**Records to process:**
———

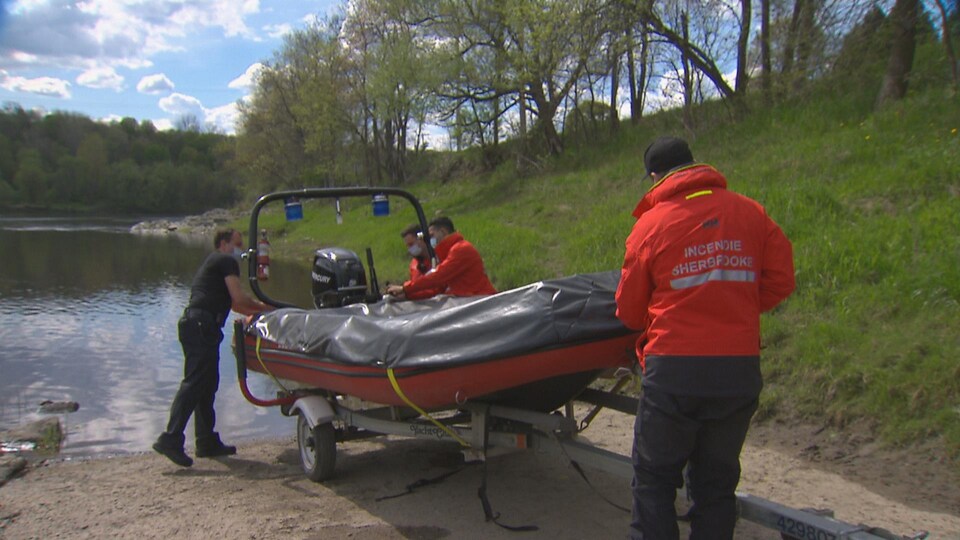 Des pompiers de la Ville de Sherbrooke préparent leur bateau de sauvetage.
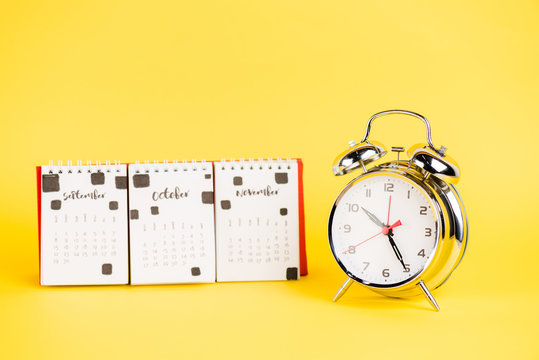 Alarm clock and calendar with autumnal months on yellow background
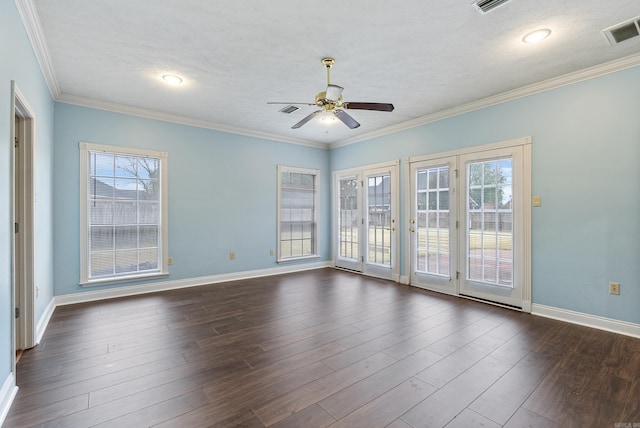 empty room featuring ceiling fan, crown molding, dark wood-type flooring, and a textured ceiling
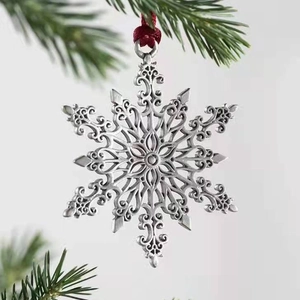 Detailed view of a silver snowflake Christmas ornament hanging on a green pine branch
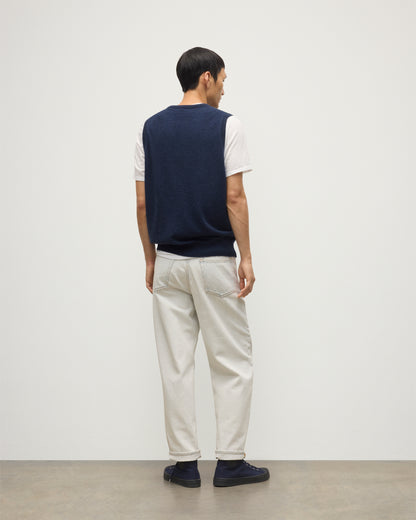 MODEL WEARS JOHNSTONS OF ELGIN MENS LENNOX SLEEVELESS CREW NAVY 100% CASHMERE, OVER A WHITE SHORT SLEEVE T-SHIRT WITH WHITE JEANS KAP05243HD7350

———

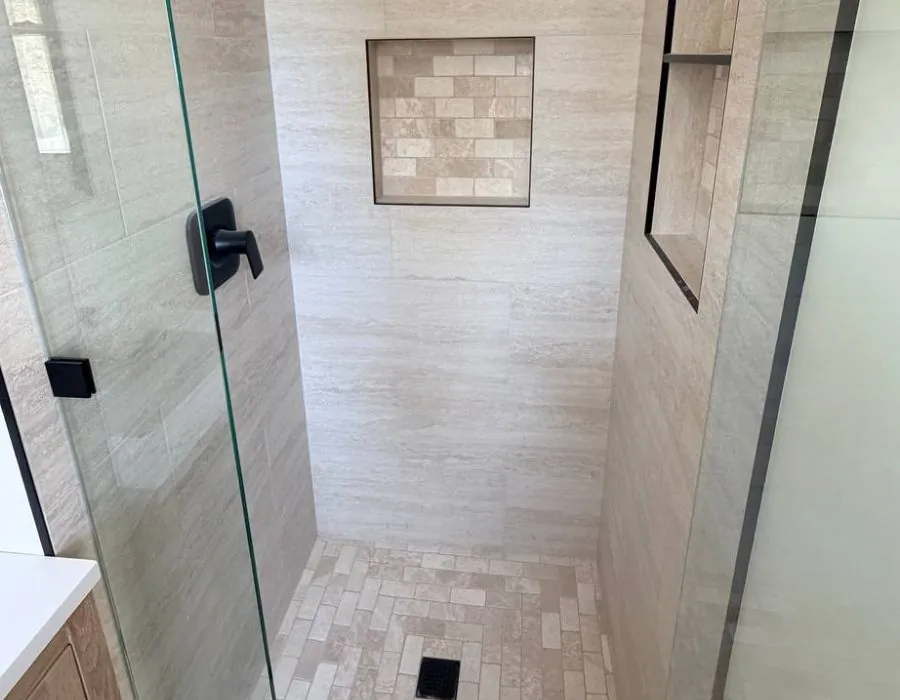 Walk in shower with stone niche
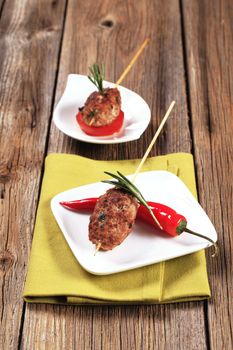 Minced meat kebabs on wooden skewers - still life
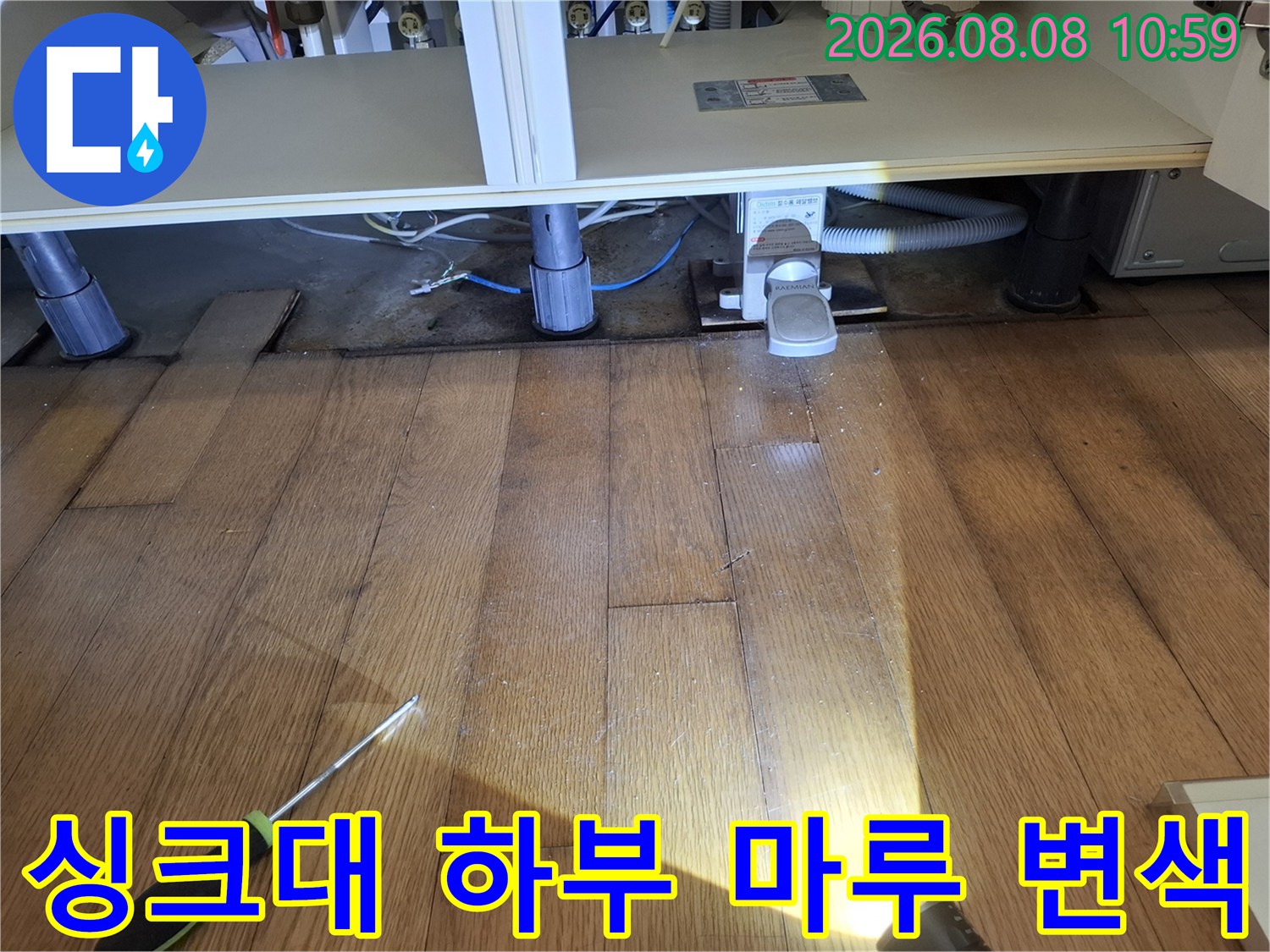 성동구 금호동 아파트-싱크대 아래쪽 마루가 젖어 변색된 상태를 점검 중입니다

———

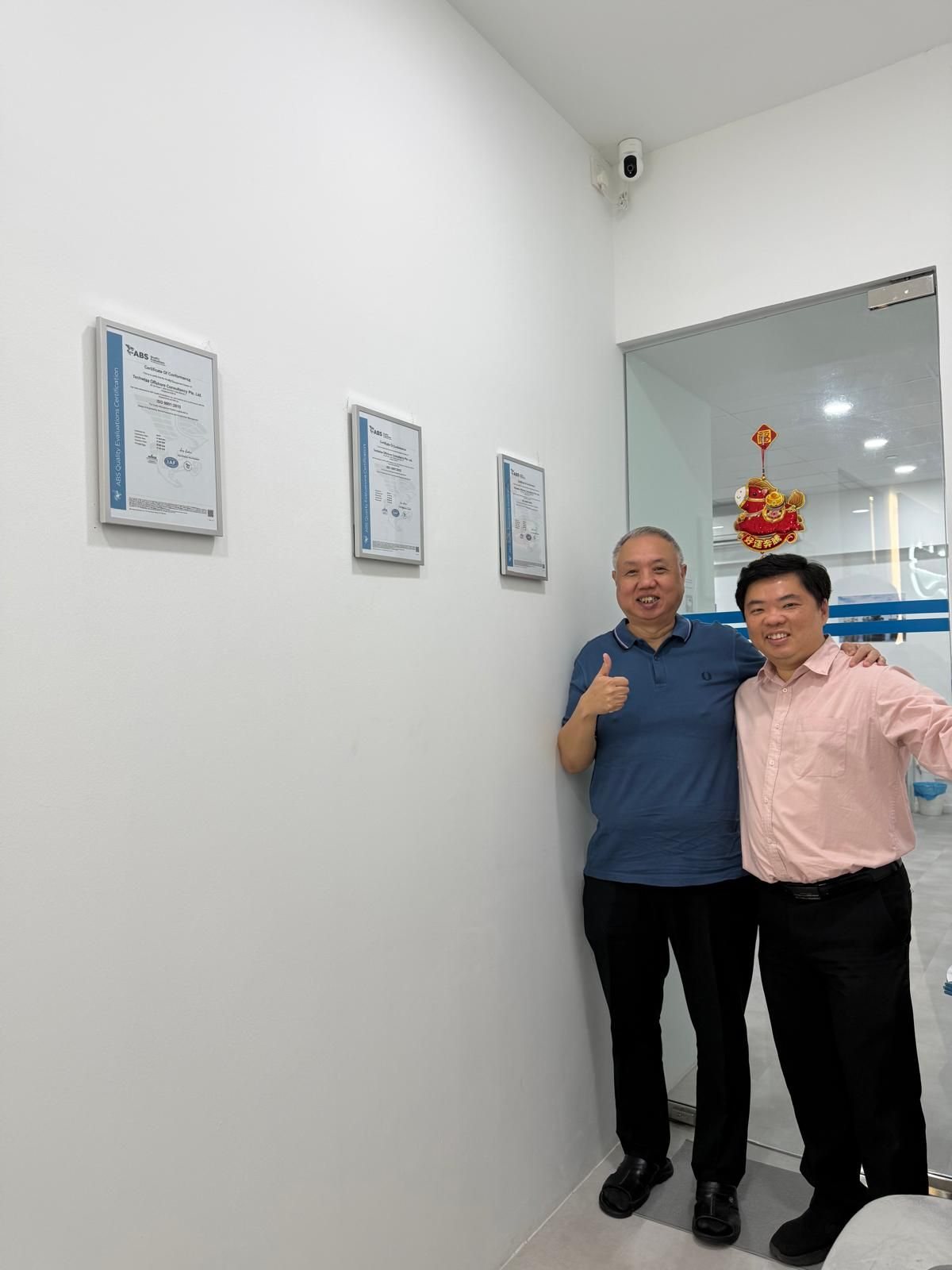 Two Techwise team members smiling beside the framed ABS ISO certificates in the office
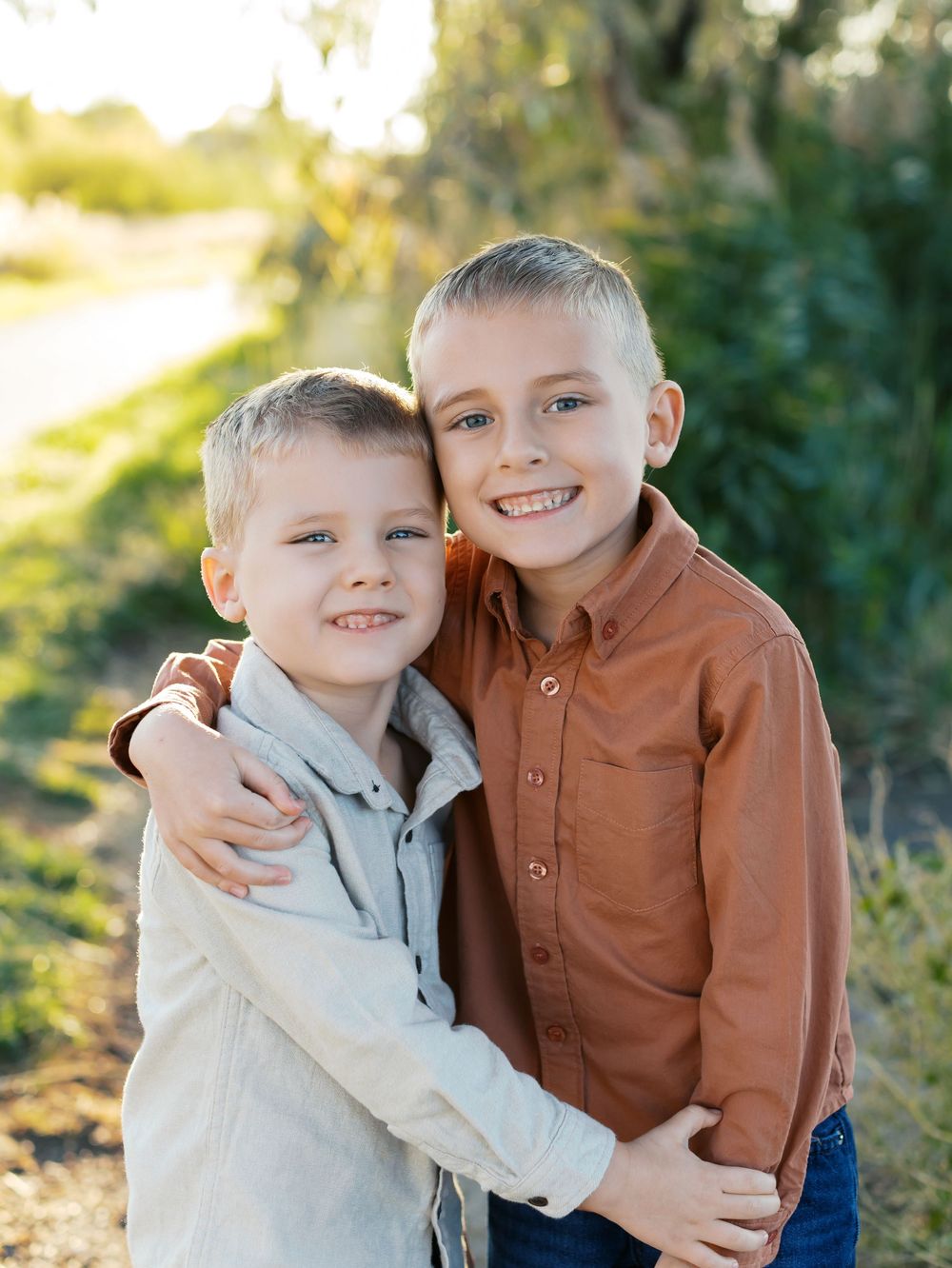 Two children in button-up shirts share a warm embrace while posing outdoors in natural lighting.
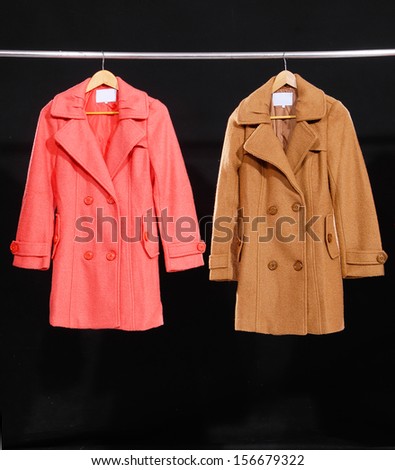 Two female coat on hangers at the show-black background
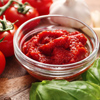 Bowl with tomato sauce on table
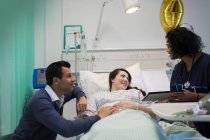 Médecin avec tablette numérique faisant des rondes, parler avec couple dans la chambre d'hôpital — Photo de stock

———

Using the data above, transcribe exactly the lines between those containing "Des pompiers de" and "MODEL WEARS JOHNSTONS", inclusive, and leave every picture behind.

 Des pompiers de la Ville de Sherbrooke préparent leur bateau de sauvetage.
 Alarm clock and calendar with autumnal months on yellow background
 empty room featuring ceiling fan, crown molding, dark wood-type flooring, and a textured ceiling
 Detailed view of a silver snowflake Christmas ornament hanging on a green pine branch
 MODEL WEARS JOHNSTONS OF ELGIN MENS LENNOX SLEEVELESS CREW NAVY 100% CASHMERE, OVER A WHITE SHORT SLEEVE T-SHIRT WITH WHITE JEANS KAP05243HD7350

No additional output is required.